Its been hard lately. Hard to manage my time. Hard to get my exact thoughts out of my head. Hard to feel inspired. Hard to be real, raw and vulnerable. Its just been hard.
Sometimes I think it would be so much easier to just stop and quit. I tend to be the kind of person that quits things when things get too tough or when I feel overwhelmed by something. Its easier to just pull the plug sometimes.
But then I remember what I have stored up in this place. I have memories, I have a documentation of my thoughts during our adoption of Emerson, I have friendships with women from all over the country, I have a voice and I have a creative outlet that I love.
I started my blog in 2007 as a way to document my kids and their milestones. When I go back to 2008 I find photos like this.
Its hard sometimes to remember that my boys were once so tiny.
When I go back to 2009 I find photos like this.
When I go back to 2010, when our life began to take a pivotal turn, I find posts like these.

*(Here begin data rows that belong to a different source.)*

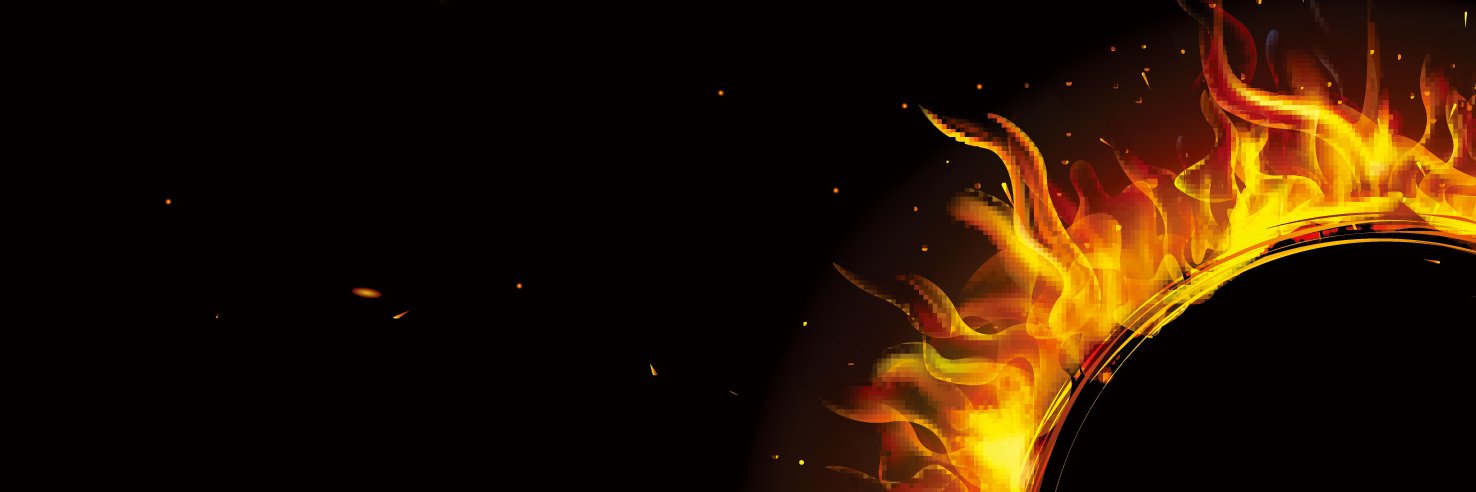 jason jackson| ETHGas ⛽ banner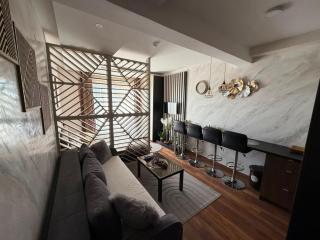 Grand Elegant & Spa Kop - 8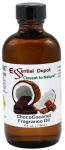 ChocoCoconut Fragrance Oil - 4 oz.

End of an Era and Beginning of New Things
Remodeling of a Heart
Open My Eyes
Or how about that time my husband and best friend surprised me for my birthday with a Surprise Party?
When I back to 2011, my heart stings with the memory of our adoption pains and it swells with emotion when I go back and read how I felt when I first saw her face and how I felt when we traveled to Ethiopia to meet her for the very first time.
Another Day My Heart Stood Still
Like a Dream
In 2012 we documented bringing Emme home, our adventures with Lice, my journey with trying to fast from all beverages except water, a stirring heart, a mission trip to Ethiopia, rough moments in parenting and so many more moments.
In 2013 I find moments where we met our daughters mom, and when I bravely said yes to speaking at a conference.
Because I blogged I have these memories. I know how I felt when I was potty training, adopting, making things, combing out lice and celebrating people around me. I will always cherish those written words.
So today, I am again asking myself...
Why do I blog?
Well, this above is why I blog and these three kids are the reasons I will continue to blog and write. So that one day they too can look back and read bits of my story. God writes a story through our lives everyday. I believe we are called to live on purpose and live to glorify him in all that we do and for me sometimes that means writing. I want to be able to look back in 10 years and read what was happening in 2009, 2012 and 2019. I want my kids to be able to go back a read what was happening around them, to them and through them. We all have a story to tell and this is where I try to tell ours.
I just needed to remind myself of this today.